The maximum flow stresses (σ) of Ti-7Cu alloy at different temperature (T) and strain rate (έ) are adopted as shown in Figure 4. The results of Figure 4(a) and (b) showed that, a linear relationship between stresses and strains was determined according to the slope of the value β and α can be obtained based on eq. (4). The inverse of slope gives the stress exponent n in eq. (5). It can be seen that n is strain rate dependent. Over a limited range of strain rates, it could be considered as a constant. The plot of ln[sin h(σα)] vs 1/T for different stain rate is shown in Figure 3(d). The slope of the latter is referred to as the temperature sensitivity parameter. Taking into logarithm form eq. (7), the relationship of lnZ and ln[sinh(ασ)] is shown in eq. (8):

(8)lnz=lnA+nln[sinh(ασ)]

Figure 4

Compressing stress–strain curves of Ti-7Cu alloy (a) lnσ–lnε; (b) σ–lnε; (c) ln[sinh(ασ)]–lnε; (d) lnsinh(σα)–1/T

Figure 5 shows the relationship of lnZ and ln[sinh(ασ)], the calculated correlation coefficient (R² = 0.967) exhibited high accuracy, which indicates that the eqs (1) and (5) could illustrate the relationship between σ, ε and T. It can be found that both groups were presented linear curve, respectively, and α= 0.046, Q= 92.96 KJ/mol, A= e4.93can be obtained on the above basis. The constitutive relationship equation for Ti-7Cu alloy during semi-solid deformation at 1,223 K–1,473 K can be obtained as following:

(9)ε˙=e60.882[sinh(0.031σ)]11.612exp(−38.375/RT)

Figure 5

Relationship between flow stress and Z parameter

Discussion

Generally, the stress–strain curve articulates the intrinsic relationship of flow stress with flow behavior.
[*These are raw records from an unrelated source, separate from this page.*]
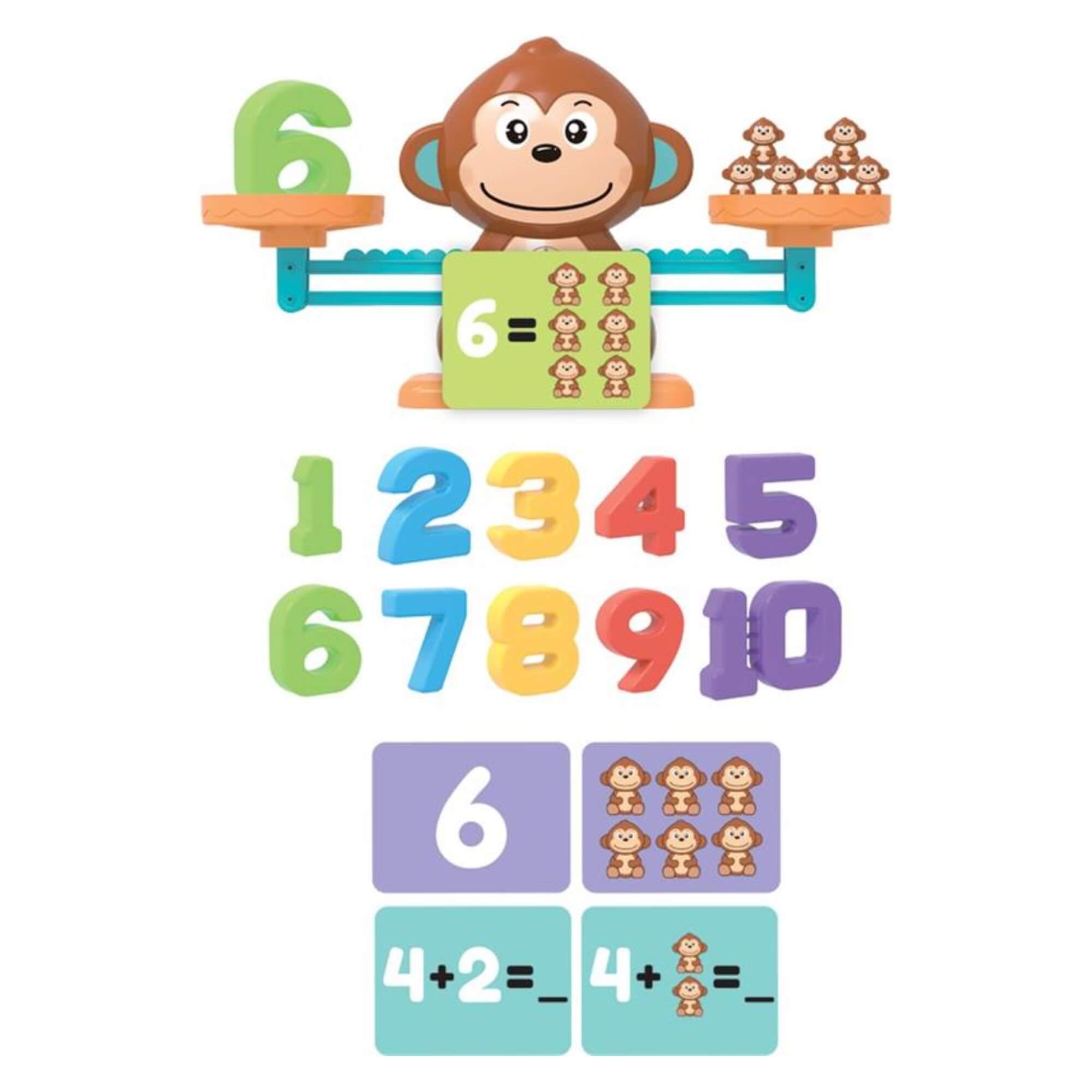 Jogo Recreativo Multijogadores Balança Macaco Aprenda a Somar Educ Play 30 Desafios Polibrinq - PB523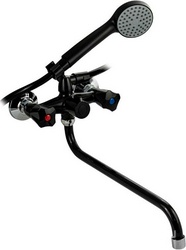 Смеситель для ванны/душа, длинный излив, из высокопрочного пластика АБС, с душевыми аксессуарами, цв. черный ZZ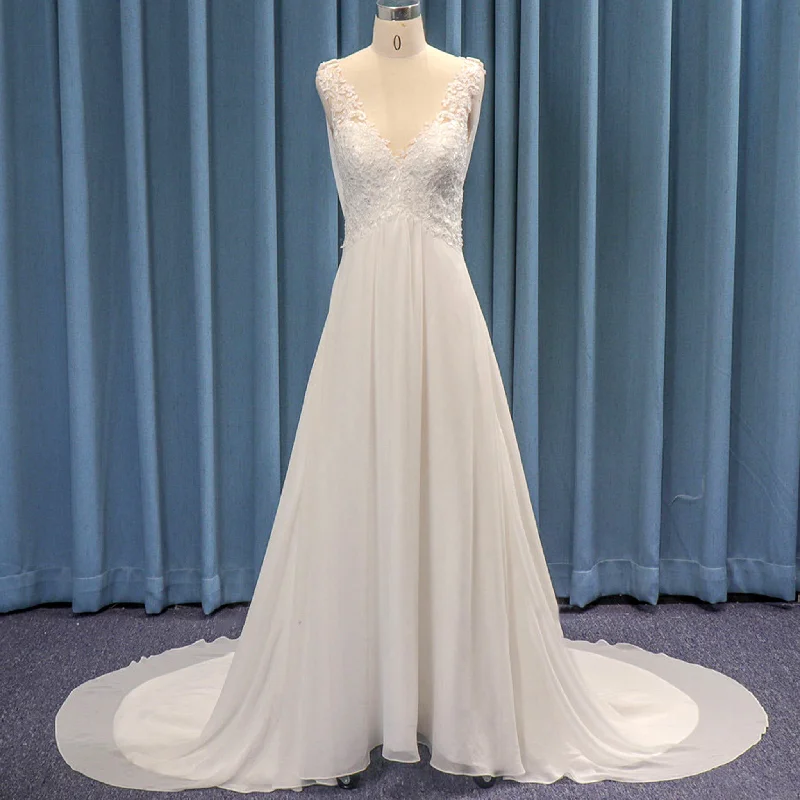 Elegant Lace Chiffon Deep V-neck A-line Bridal Wedding Dress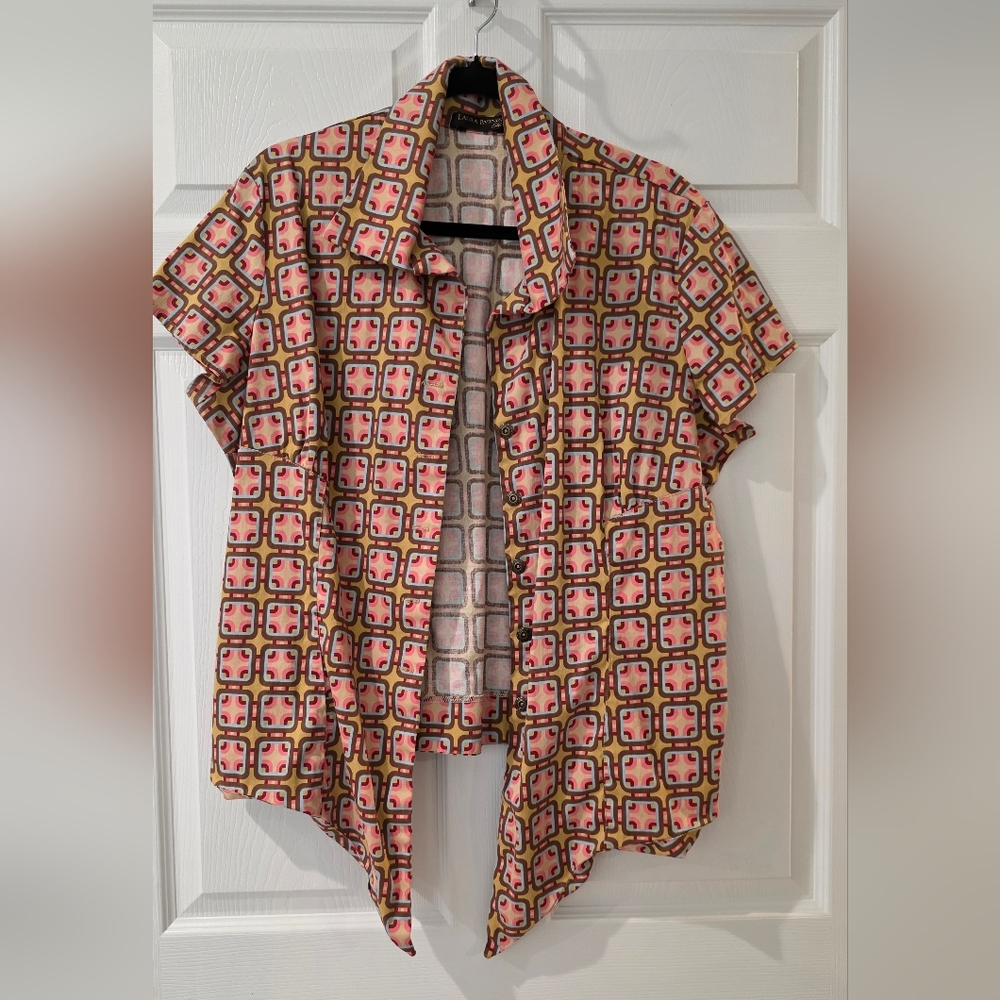 Pinup Girl Clothing Ridley Button down Tie Top Women's 2x Hotel print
However, during the semi-solid deformation of Ti-7Cu alloy, the flow curves exhibit various continuous softening, steady-state flow and work hardening under different processing conditions. Thus, it is quite difficult to determine the deformation mechanism only by the shape of the stress–stain curves, because several similar flow behaviors may result in different microstructural mechanisms during deformation. Therefore, the flow behavior of Ti-7Cu alloy needs to be more deeply analyzed, and the deformation mechanism will be further discussed by microstructures. The typical microstructures of Ti-7Cu alloy after conventional and semi-solid compression are shown in Figure 6. The effect of temperature on the evolution of the microstructures can be clearly seen from these optical micrographs. In Figure 6(a), the globular recrystallized α grains are obtained and almost no Ti₂Cu precipitates is observed. However, while in semi-solid state, it is found that more plate-shaped Ti₂Cu precipitated at grain boundary and on obviously recrystallized grains is observed, as shown in 6(b) and (c), respectively. Finally, a precipitates zone was formed along the grain boundary (Figure 6(d)). In addition, high strain rate reduces the amount of response time required by microstructural deformation [16], the effects of temperature and strain rate on the flow rate can be demonstrated by Ringeval [17]:

Figure 6

Micrographs of the Ti-7Cu alloy during semi-solid compression (a) 950°C, 0.05 s⁻¹; (b) 1,100°C, 0.05 s⁻¹ (c) 1,200°C, 0.05 s⁻¹; (d) 1,000°C, 0.005 s⁻¹; (e) 1,000°C, 0.5 s⁻¹; (f) 1,000°C, 5 s⁻¹

where v is flow rate, V is strain rate, f_l is liquid fraction, R is radius and H is height of the cylindrical material. It is obviously that the increasing of temperature induces more liquid to overcome the restriction of the solid particle movement, which could reduce the dislocation pile-up on the surface of Ti₂Cu/α–Ti, that is coincident with the observation result by transmission electron microscope (TEM) shown above (Figure 7). The effect of the strain rate on the flow stress may also be explained by the dislocation kinetics [16]:

Figure 7

The dislocation configuration of Ti-7Cu alloy after compressive deformation (a) 950°C, 0.05 s⁻¹; (b) 1,200°C, 0.05 s⁻¹

where ε is the strain rate, p is the mobile dislocation density, b is the Burgers vector of a perfect dislocation and m is the average dislocation velocity. According to the equations, once ε increases, the velocity of mobile dislocations m is required to increase, and then the applied stress σ also increases.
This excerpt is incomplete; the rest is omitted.